Abrieron el fuego Loquillo y Trogloditas, con la aparición inesperada de Sabino Méndez. Una media hora con algunos de sus mejores temas: “Todo el mundo ama a Isabel”, “El rompeolas”, “Feo, fuerte y formal”, etcétera. Loquillo es uno de esos pocos cantantes españoles que conecta con el estilo norteamericano de los crooner. No ha cambiado nada, sigue fiel a sus principios: traje negro, el mismo peinado, la sonrisa de granuja y una manera muy especial de caminar por el escenario. Sólo unos kilos de más. Sus canciones me devolvieron a los ochenta. Fue una apertura potente. Yo los había visto cuando era un mozo, en un concierto en mi tierra, en los tiempos en que aún llevaban buenas bandas a participar en las fiestas. Luego llegaron los Jet, a quienes ya había visto tocar en Madrid, con ese gran batería que parece salido de una película de guerreros con maza y espada, y unos acordes de guitarra que recuerdan a AC/DC. Jet lograron calentar aún más al público, aunque el volumen del micrófono del vocalista no estuvo a la altura de los instrumentos. Su directo duró alrededor de unos cuarenta minutos. Cuando se fueron, el escenario cambió por completo.

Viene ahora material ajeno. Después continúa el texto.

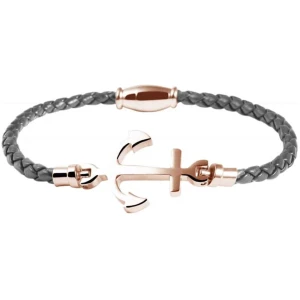 Ein Armband mit einem roségoldfarbenen Ankeranhänger in der Mitte und einem grauen geflochtenen Lederband. Das Akzent Edelstahl Fußkettchen, Ankeranhänger, Gold, das auch als Fußkettchen getragen werden kann, hat ein schlichtes und modernes Design mit metallischen Akzenten an den Enden des Ankers und einem roségoldenen Verschluss.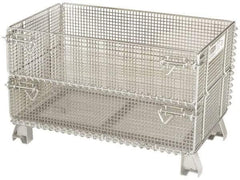 Nashville Wire - 32" Long x 20" Wide x 16" High Steel Basket-Style Bulk Folding Wire Mesh Container - 1,000 Lb. Load Capacity - Americas Tooling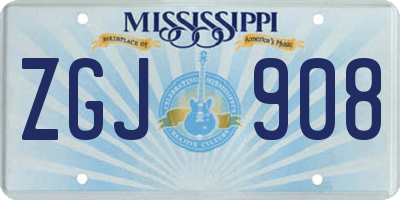 MS license plate ZGJ908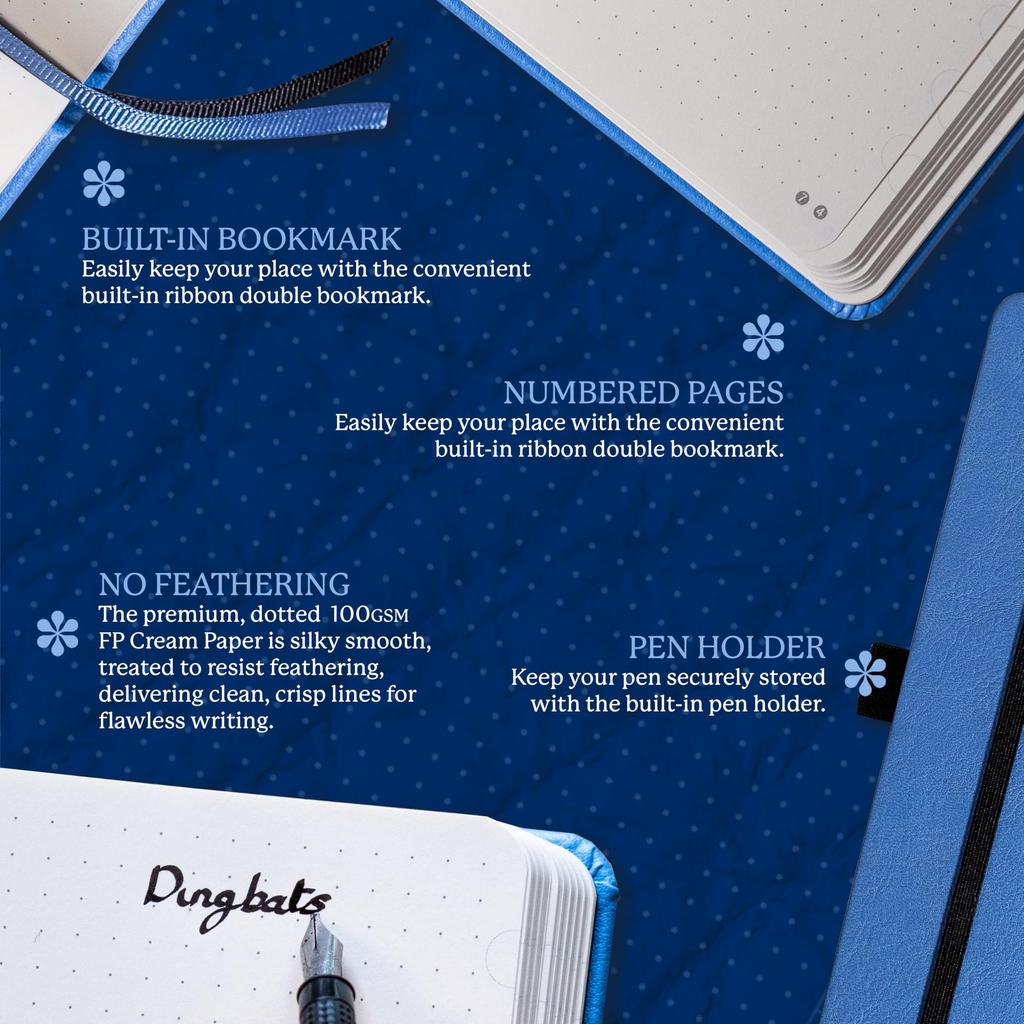 Dingbats Earth Dot A5 Medium Sky Blue Great Barrier Reef Hardcover Cream 100gsm Inkproof Paper Numbered Index Key Pages - Notebook, - - - Pages, &
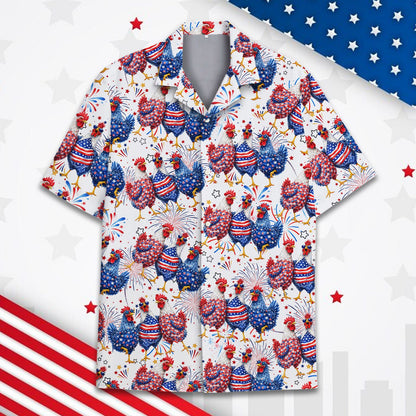 Another styled front view of the holiday hawaiian shirt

Una noche en la que tocan Loquillo, los Jet y los Stones es un lujo. Ni siquiera es necesario que la gente beba alcohol en estos espectáculos: la música de Jagger y Richards es un trueno que hace vibrar, que aún contiene la garra de sus inicios, a pesar de esa mala etapa musical que tuvieron en los ochenta. Jagger, allá arriba, es un dios viejo capaz de moverse como un chaval de quince años. Aún tiene el vientre plano, los brazos fibrosos, las piernas delgadas, la energía y el nervio de un rockero incansable e indestructible. Se mueve en los escenarios como cuando era joven. Su rebeldía tampoco ha cambiado mucho. A uno le parece que Jagger es el mismo, sólo que con muchísimas arrugas en la cara. Arrancaron con un clásico: “Start Me Up”.